This repo is just a collection of scripts showing how to install JoeyNMT, download data and train & evaluate models.
-
This only works on a Unix-like system, with bash.
-
Python 3 must be installed on your system, i.e. the command
python3
must be available -
Make sure virtualenv is installed on your system. To install, e.g.
pip install virtualenv
🧑🤝🧑 Clone this repository in the desired place:
git clone https://github.com/nneva/bpe-beam-search
💻 Create a new virtualenv that uses Python 3. Please make sure to run this command outside of any virtual Python environment:
./scripts/make_virtualenv.sh
Important: Then activate the env by executing the source
command that is output by the shell script above.
🛠️ Download and install required software:
./scripts/download_install_packages.sh
pip install for PyYAML
is added.
⬇️ Download data:
./download_iwslt_2017_data.sh
The data is only minimally preprocessed, so you may want to tokenize it and apply any further preprocessing steps.
✂️ Preprocess data:
./scripts/preprocess.sh
This command creates directory samples
and stores dev and test data in it.
It also executes subsample.py
, which subsamples originally downloaded train data based on the desired number of lines, and stores them also in samples
directory.
Train, dev and test data are tokenized with Moses Tokenizer.
🤸 Train a word level model:
./scripts/train.sh
The training process can be interrupted at any time, and the best checkpoint will always be saved.
🤸 Train BPE level models:
./scripts/train_bpe.sh
By running this script BPE is learned and applied, and respective vocabulary is built prior to start of the training.

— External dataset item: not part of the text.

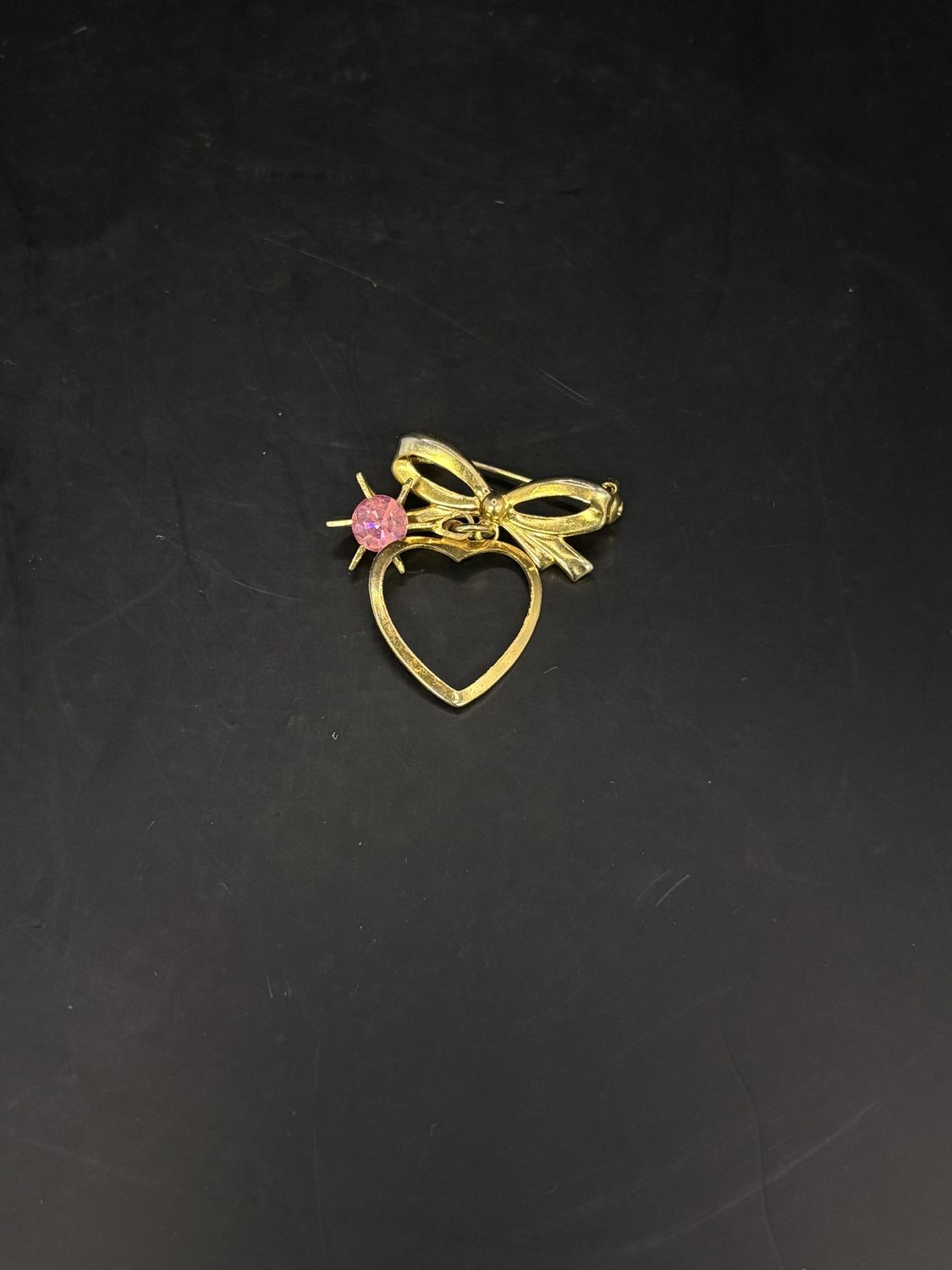 Jewelry. Pin. Gold Heart and Ribbon w/ Pink Rhinestone Hanging in Center. 1.25&quot;h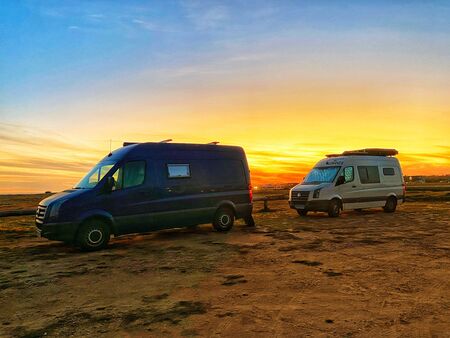 Zwei VW Crafter (ein blauer und ein weißer) stehen hintereinander. Man sieht sie von der Seite und im Hintergrund einen fantastischen Sonnenuntergang.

To initialize the training with different vocab size, change the bpe_num_operations
value in this script.
This will automatically load different configuration, if such is present in configs directory, and named properly.
See configurations in configs directory for more details.
📝 Evaluate a trained word level model with:
./scripts/evaluate.sh
This script will create directory translations
, with the subdirectory named after the model.
Post-processing steps include detokenization of the test data.
Results of the evaluation will be printed out in the terminal.
📝 Evaluate trained BPE level models with:
./scripts/evaluate_bpe.sh
To evaluate different BPE level models, change model_name
in this script accordingly.
This script will create additional subdirectorie(s) named after the model(s), where translations are stored.
Post-processing steps include detokenization and removal of BPE from the test data.
Results of the evaluation will be printed out in the terminal.
If you decide to train and evaluate several BPE level models, make sure to run train_bpe.sh
then evaluate_bpe.sh
for the same model before initializing training of the next BPE level model.
💫 To get BLEU results for different beam size
values run:
.scripts/vary_beam_size.sh | tee -a bleu_output.txt
This script executes parse_yaml.py
which takes as inputs path to the desired config file and K
(beam size) values as defined in scripts/vary_beam_size.py
. For every newly entered K
value, the script will automatically generate respective configuration in .yaml format and replace with it already existing one.
The script contains 10 different K
values.
Further, the script will call evaluate_bpe.sh
to evaluate translation automatically for every newly entered K
using BLEU
as evaluation metric.
Raw results of the performed evaluation for all K
values can be found in bleu_output.txt
.
📈 To get graph for BLEU - BEAM SIZE run:
python scripts/get_graph.py
-
Translation direction: DE --> EN
-
Detailed analysis of the results will be submitted in PDF.
1 Byte Pair Encoding
use BPE |
vocab size | BLEU |
|
---|---|---|---|
(a) | no |
2000 | 13.8 |
(b) | yes |
2000 | 20.7 |
(c) | yes |
12000 | 24.0 |
1.1 BLEU - Differences
Experiment confirms that "subword representations cause big improvements in the translation of rare and unseen words"(Sennrich et al. "Neural Machine Translation of Rare Words with Subword Units") contributing to the overall better evaluation scores. The most significant improvement is observed in a difference between BLEU scores of a word-level model and BPE-level model with the same vocabulary size of 2000 tokens/subwords.
1.2 Manual Assessment
In order to make assessment fair on a level of the machine output, and since "human raters assessing adequacy and fluency show a stronger preference for human over machine translation when evaluating documents as compared to isolated sentences" (Läubli et al. "Has Machine Translation Achieved Human Parity?" ), assessment is performed on randomly chosen isolated sentence pairs.
2 Beam Size & Translation Quality
The relationship graph between BLEU score and beam size roughly corresponds to the idea that "increasing the beam size does not consistently improve translation quality." (Koehn & Knowels - "Six Challenges for Neural Machine Translation"). Based on this specific case optimal beam size is between 8 and 16.